:: Prompt ::
The expected answer is the full listing, repeated exactly and free of images.

:: Stored data ::
========

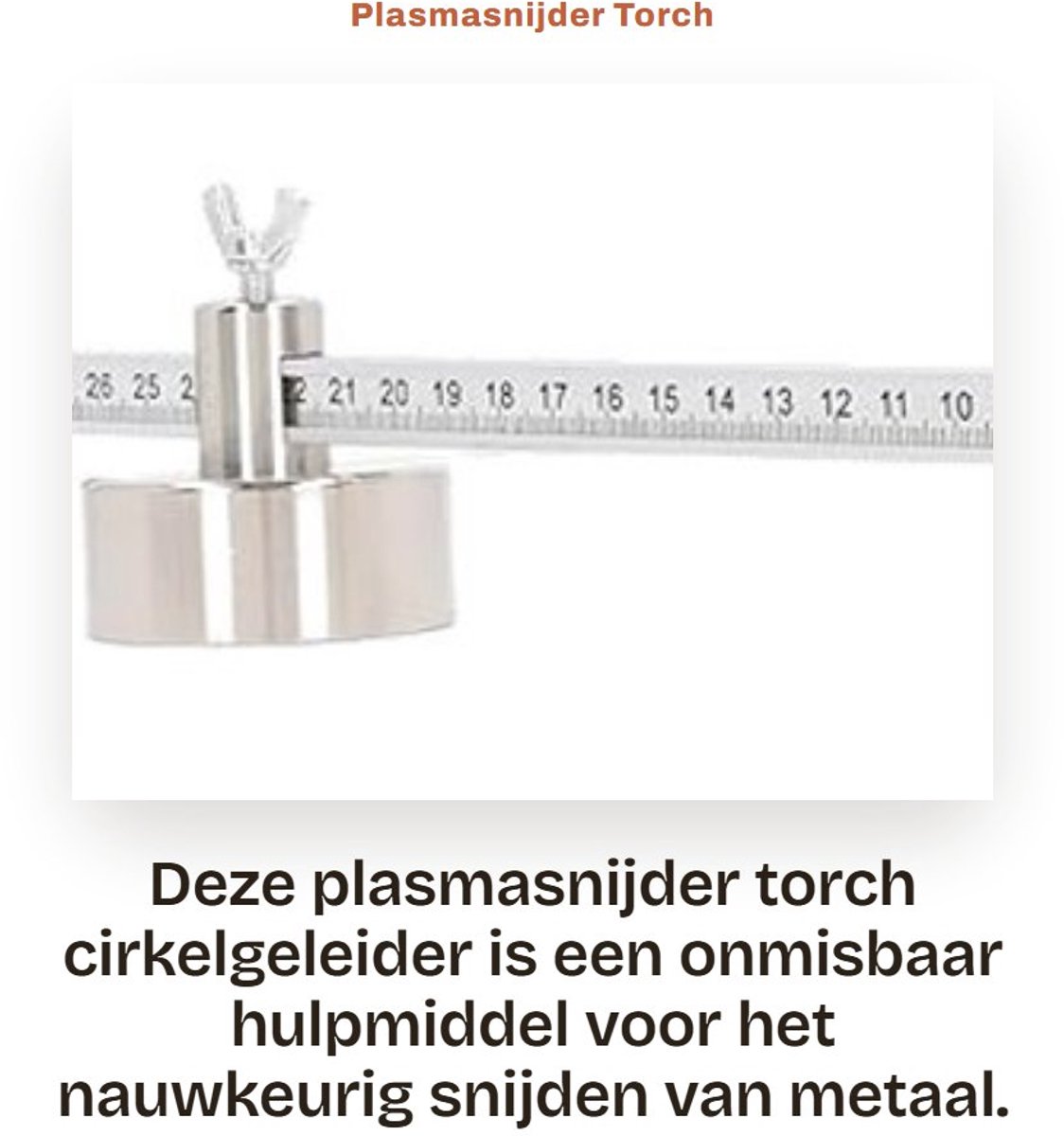 Dailygoods- Plasmasnijder Cirkelgeleider 50cm - Magneet - Aluminium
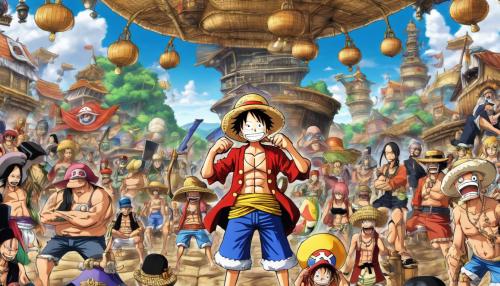 Egghead arc one piece backgound for xbox with the entire strawhat crew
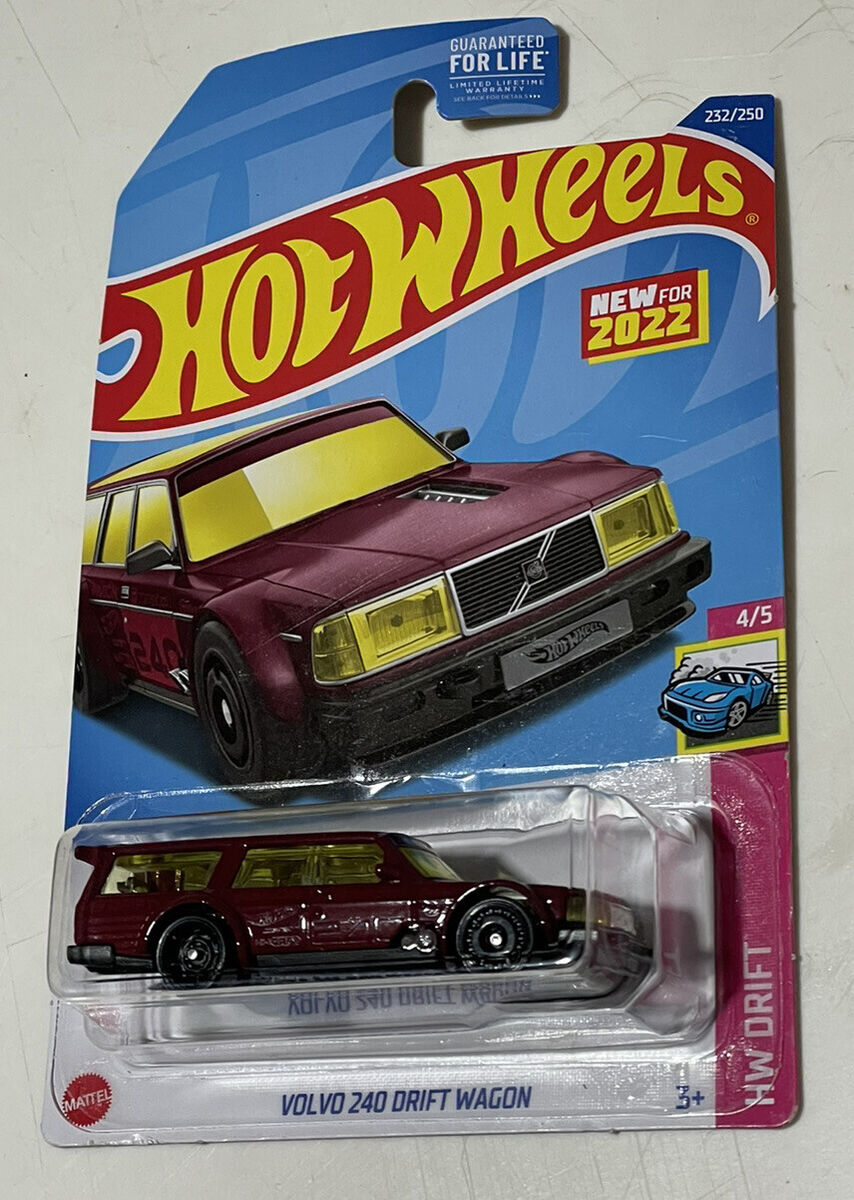 Carro Hot Wheels Volvo 240 Drift Wagon Hct20 Vinho P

========

:: Task response ::
 Dailygoods- Plasmasnijder Cirkelgeleider 50cm - Magneet - Aluminium
 Egghead arc one piece backgound for xbox with the entire strawhat crew
 Carro Hot Wheels Volvo 240 Drift Wagon Hct20 Vinho P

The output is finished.